Some years ago (2004 to be precise), I took a train from Thessaloniki, Greece to Sofia, Bulgaria. Bulgaria was not yet part of the EU and did not have a lot of tourism then. That was part of what made it interesting to me. It also meant that the handful of tourists found one another and exchanged tips. And part of those tips had to do with "gypsies" and watching out for them.
The problem I had was that I had actually broken bread with a Roma king and I didn't necessarily share that bias. There is certainly a crime problem in that community, but the problem is not one of inherent criminality but of discrimination that often leaves crime as the only option. The long term solutions have to involve removing that discrimination and providing opportunities for education and advancement. At the same time, I would have been a fool to ignore the risk of being robbed by kids trying to distract me by waving newspapers in my face and other similar tricks.
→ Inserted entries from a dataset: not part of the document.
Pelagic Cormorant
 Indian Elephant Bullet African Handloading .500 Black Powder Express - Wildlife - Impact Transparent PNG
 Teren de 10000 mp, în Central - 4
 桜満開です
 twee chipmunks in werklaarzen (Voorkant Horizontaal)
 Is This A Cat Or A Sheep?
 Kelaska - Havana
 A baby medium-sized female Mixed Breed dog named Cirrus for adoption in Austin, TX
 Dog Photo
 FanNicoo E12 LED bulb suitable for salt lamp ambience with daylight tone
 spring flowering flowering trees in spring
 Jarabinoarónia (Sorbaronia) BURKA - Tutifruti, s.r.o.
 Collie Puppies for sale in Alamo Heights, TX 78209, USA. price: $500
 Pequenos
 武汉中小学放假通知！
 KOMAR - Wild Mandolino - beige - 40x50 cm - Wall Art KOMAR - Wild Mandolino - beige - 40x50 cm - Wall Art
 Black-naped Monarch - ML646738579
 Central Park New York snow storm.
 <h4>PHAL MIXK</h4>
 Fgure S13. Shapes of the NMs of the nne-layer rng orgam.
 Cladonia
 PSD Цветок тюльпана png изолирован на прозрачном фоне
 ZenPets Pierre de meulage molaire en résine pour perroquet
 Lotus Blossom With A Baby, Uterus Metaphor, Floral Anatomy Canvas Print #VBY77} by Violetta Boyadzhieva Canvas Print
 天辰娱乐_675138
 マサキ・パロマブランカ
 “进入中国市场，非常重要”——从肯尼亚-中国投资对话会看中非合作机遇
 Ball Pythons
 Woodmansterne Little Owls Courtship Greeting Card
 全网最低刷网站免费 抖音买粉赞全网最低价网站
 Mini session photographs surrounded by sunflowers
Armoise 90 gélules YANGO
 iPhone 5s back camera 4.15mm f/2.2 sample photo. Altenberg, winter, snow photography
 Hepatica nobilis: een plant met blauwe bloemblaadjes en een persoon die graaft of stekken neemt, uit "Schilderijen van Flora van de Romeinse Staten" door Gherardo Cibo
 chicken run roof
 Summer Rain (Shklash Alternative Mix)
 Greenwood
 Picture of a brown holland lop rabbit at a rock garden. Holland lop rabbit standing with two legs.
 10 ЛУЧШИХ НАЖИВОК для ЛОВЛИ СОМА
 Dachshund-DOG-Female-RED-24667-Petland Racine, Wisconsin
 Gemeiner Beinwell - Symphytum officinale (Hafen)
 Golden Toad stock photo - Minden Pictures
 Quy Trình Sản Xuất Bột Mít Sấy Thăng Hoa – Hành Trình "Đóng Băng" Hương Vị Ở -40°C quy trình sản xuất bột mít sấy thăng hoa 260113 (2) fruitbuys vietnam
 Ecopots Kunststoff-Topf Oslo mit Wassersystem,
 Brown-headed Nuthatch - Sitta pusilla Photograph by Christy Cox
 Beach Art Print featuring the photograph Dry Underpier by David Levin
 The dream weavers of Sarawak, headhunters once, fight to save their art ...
The situation with police and African-Americans here is similar. We really don’t live in a world of equal opportunity and some of those conditions lead to higher rates of criminal behavior in some communities. It is not surprising that police, who see the seamier side of things, get conditioned to expecting violence and it may well be unreasonable for them to ignore the risks. Again, the long term solutions involve creating opportunities and eliminating discrimination. Unfortunately, there are no good or obvious short term solutions. We’re in a vicious cycle.